Online College Students in 2023: What Matters Most
By: Carol Aslanian Mar 15, 2023
Adapting to New Study Habits and Lifestyles
When EducationDynamics started analyzing online college students 12 years ago, not much was known about the niche population of online learners. It was once considered an alternative for adult students who couldn’t make it into a physical classroom because they were balancing other life commitments. But that’s no longer the case these days!
Most online college students in 2023 are young and gainfully employed but are still new to the job market as they look for career paths to pursue or build upon. Rather than adhering to the same topics they had studied in the past, these students are focusing their efforts on unfamiliar yet promising career fields.
Thanks to the surge in demand for remote learning brought on by COVID-19, online study has gained a lot more acceptance among students and employers. It’s no longer just for older learners who can’t make it to campus or other place-bound populations but a format that is used by all types of students. Now is the perfect time for schools to capitalize on this trend and reach out to undergraduates and graduates alike.

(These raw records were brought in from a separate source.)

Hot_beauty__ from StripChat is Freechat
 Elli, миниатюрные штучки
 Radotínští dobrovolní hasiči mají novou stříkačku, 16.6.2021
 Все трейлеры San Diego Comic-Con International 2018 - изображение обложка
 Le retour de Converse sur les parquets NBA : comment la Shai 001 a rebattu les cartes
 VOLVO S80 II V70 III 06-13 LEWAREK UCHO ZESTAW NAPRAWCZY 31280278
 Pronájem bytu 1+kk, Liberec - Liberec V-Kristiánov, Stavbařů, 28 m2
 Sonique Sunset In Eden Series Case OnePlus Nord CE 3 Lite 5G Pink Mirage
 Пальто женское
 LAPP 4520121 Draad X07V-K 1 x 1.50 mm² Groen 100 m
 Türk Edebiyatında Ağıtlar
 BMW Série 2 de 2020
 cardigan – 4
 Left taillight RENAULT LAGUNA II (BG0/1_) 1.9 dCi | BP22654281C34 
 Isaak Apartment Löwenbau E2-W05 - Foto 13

Understanding the Needs of Online College Students in 2023
The 12th Annual Online College Students Report is here, providing the best snapshot of online higher education ever. This 2023 report uncovers critical information about what students are looking for so that schools can effectively market their institution and stand out in the online college marketplace. What kind of courses should they be offering? Is the information on their websites helpful enough? Ultimately, what matters most to these students – these questions must be answered as trends keep changing rapidly.
Exploring the Impact of Streaming Services on Higher Education
Streaming services are shaking up the higher education media industry at rapid speed. It’s clear that these services will continue to have a major influence on marketing your institution. US households spent around 122 hours per household streaming on CTV, and 85.7 million homes streamed content in that time frame. There was a 29% increase in ad-supported streaming services since 2020 and a 6% decrease in cable or satellite subscriptions. This shift means that schools must figure out how to reach these students if they want to enroll them in online college programs. How do you get the word out? What kind of information should be included? These are important questions that this report seeks to answer.
Key Takeaways From the 2023 Online College Report
This research found some vital information that all schools should take note of. Here are some of the highlights:
Both undergraduate and graduate online students continue to get younger. One-third of undergraduate respondents are under the age of 23
Fewer online students are the first in their families to go to college. Only 35% reported they are the first in their family to attend college in 2023
Students turn to school websites as a primary source of information, but they have a difficult time finding the information they most seek
70% of students began their school research using search engines or via the school’s website. Almost 90% of students conducted research on the school’s website. No sought-after piece of information was considered “very easy to find” by a majority of users
Students turn to social media platforms to conduct research prior to enrolling. Facebook, Instagram, and Twitter were the most commonly used platforms for research. Many students actively like or follow school accounts that they are considering. LinkedIn and Facebook were considered the most helpful platforms
Search engine and social media reviews are very important to students
Look Forward Beyond Today’s Online Student
With the world of online education in flux, it’s never been more important to recognize the changes that are happening and how they might affect your institution. EDDY has learned what it takes to provide effective marketing services after 12 years of experience researching national online college students.
To meet the rising demand for online college programs, future-ready schools are marketing strategies to a wide demographic and emphasizing the acceptance of previously earned college credits. Additionally, these schools are investing in student-centered user experiences on their websites to ensure that prospective students have access to the information they need. By focusing on these aspects, these forward-thinking institutions are setting themselves apart while giving potential students exactly what they need.